Queste  nuove  regole  non vietano che si possano consentire sconfinamenti: come  già  ora,  le  banche,  nel  rispetto  delle  proprie policy, possono consentire  ai  clienti  di  sconfinare oltre la disponibilità presente sul conto  ovvero,  in  caso  di  affidamento,  oltre  il  limite  di  fido. La possibilità  di  sconfinare  non  è  un diritto del cliente, ma una facoltà concessa  dalla banca,  che può anche applicare commissioni (la cosiddetta CIV,  commissione  di  istruttoria  veloce).  Dal  1°  gennaio, come già in passato, le banche potranno continuare a consentire ai clienti utilizzi del conto, anche per il pagamento delle utenze o degli stipendi, che comportino uno  sconfinamento.  Si  tratta  tuttavia di una scelta discrezionale della banca,  che  può  consentire  oppure  rifiutare  lo sconfinamento. È quindi importante  conoscere  bene  il  contratto stipulato con la propria banca e dialogare con essa.

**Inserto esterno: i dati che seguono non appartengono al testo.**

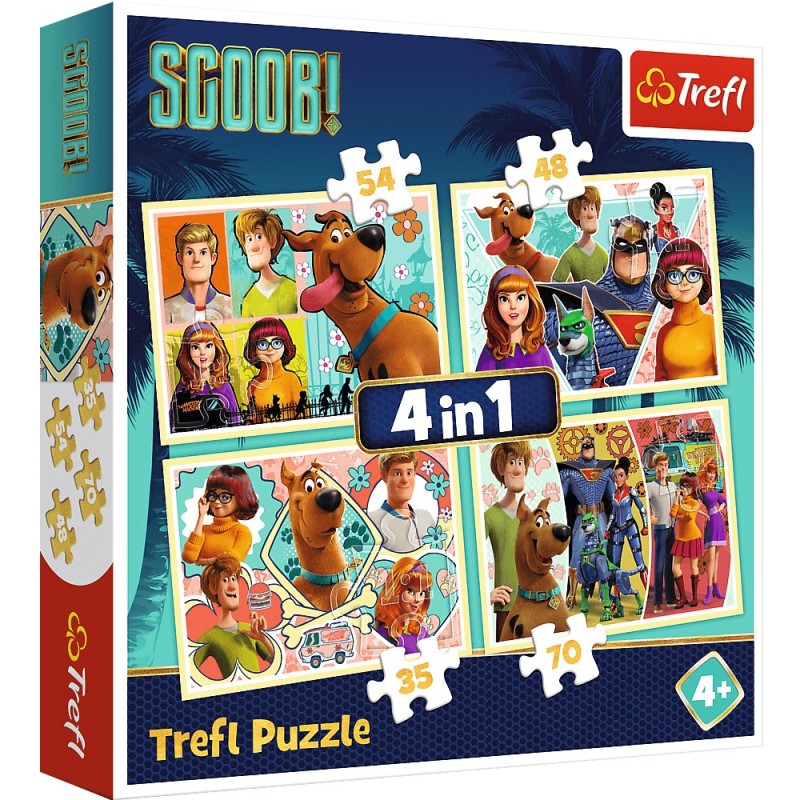 Trefl – Puzzle 4 in 1 Scooby Doo 35/48/54/70 Pcs 34340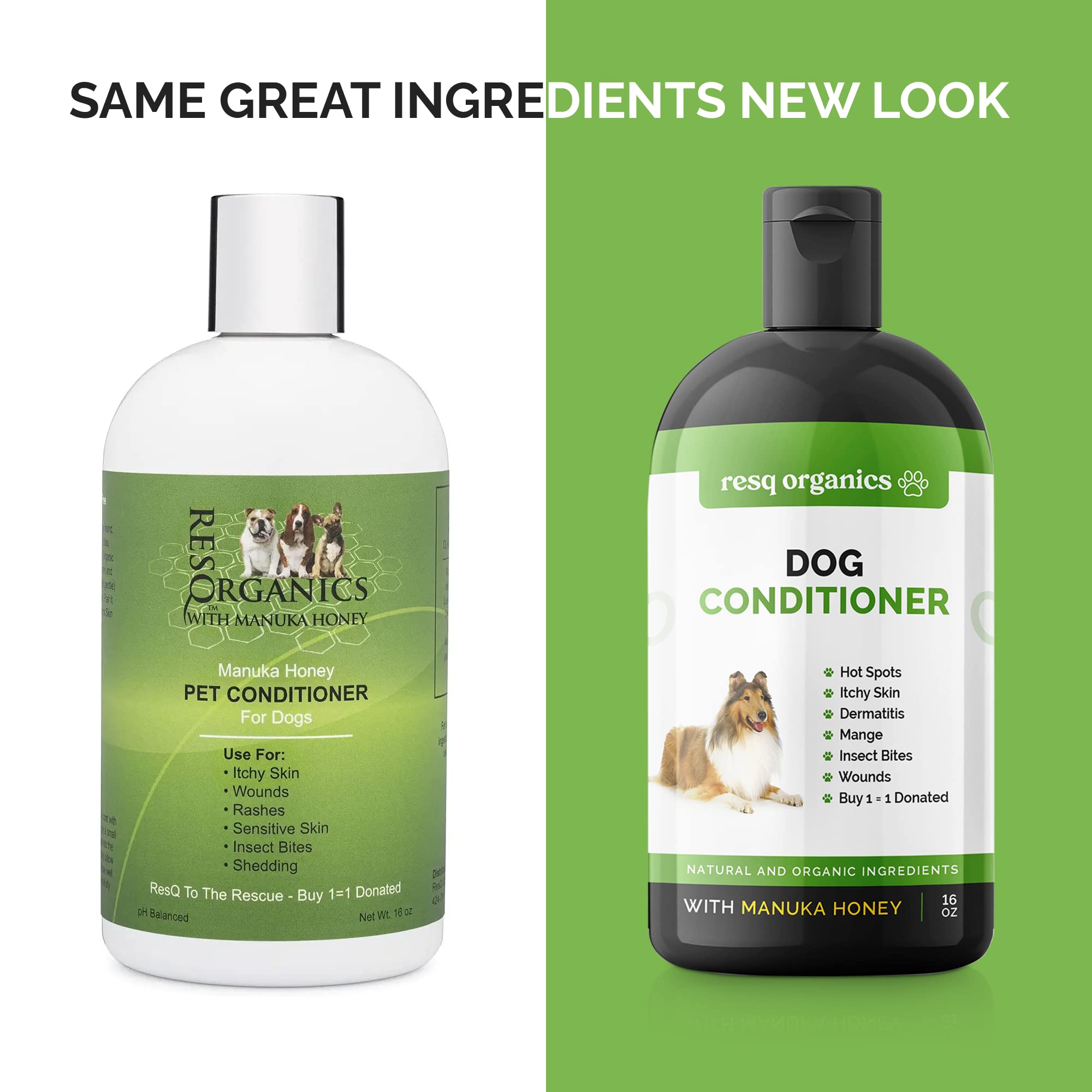 Hypoallergenic Dog Coat Conditioner- Detangles & Softens Fur, Calms Itching & Dryness, Organic Aloe Vera & Manuka Honey Soothes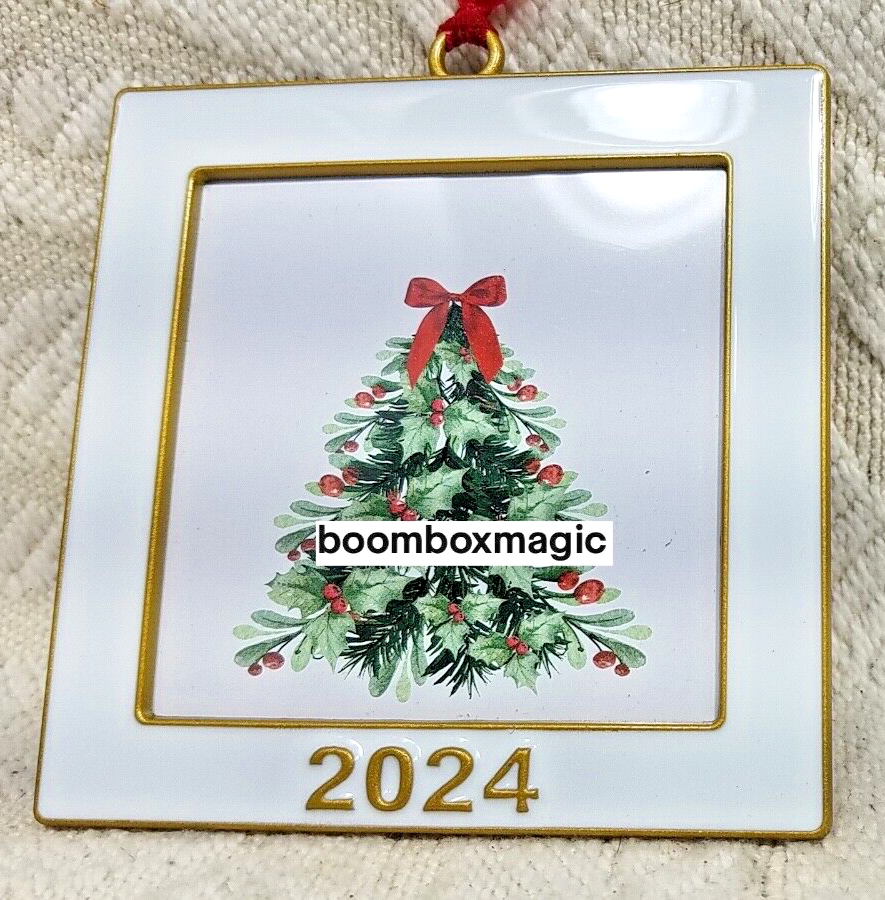 2024 CHRISTMAS TREE ORNAMENT PHOTO PICTURE FRAME ENAMEL WHITE & GOLD SQUARE 2.5"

Gli effetti della classificazione a default


Se un debitore è classificato a default sulla base della nuova definizione, non  è classificato automaticamente anche “a sofferenza” nella Centrale dei Rischi. La definizione di “sofferenze” non viene toccata dalle nuove regole europee  sul default. Gli intermediari segnalano un cliente “in sofferenza” solo  quando  ritengono  che  abbia  gravi  difficoltà,  non  temporanee, a restituire il suo debito. La classificazione presuppone che l’intermediario abbia condotto una valutazione della situazione finanziaria complessiva del cliente  e non si sia basato solo su singoli eventi, quali ad esempio uno o più ritardi nel pagamento del debito. Non vi è dunque alcun automatismo tra la classificazione a default e la segnalazione a sofferenza in Centrale dei Rischi.  Pertanto  non  è vero che basta uno sconfinamento o un ritardo nei pagamenti  per somme anche solo di 100 euro per dar automaticamente luogo a una  segnalazione a sofferenza, con il conseguente rischio di compromettere o  rendere  più  oneroso  il  futuro  accesso al credito del cliente presso l’intero sistema bancario.

Cosa fare

Chi  può rischiare di trovarsi in questa situazione è bene che verifichi al più  presto la sua posizione. In particolare, è importante verificare tempi e  limiti  di  spesa  delle  proprie  scadenze.  Consigliamo, pertanto alle imprese,  senza inutili allarmismi, di prendere contattare con il direttore di  banca  o  con  il  proprio  gestore  di  relazione  per  allertarlo  su un’eventuale  situazione  critica  e  di  concordare, nel caso, un piano di rientro.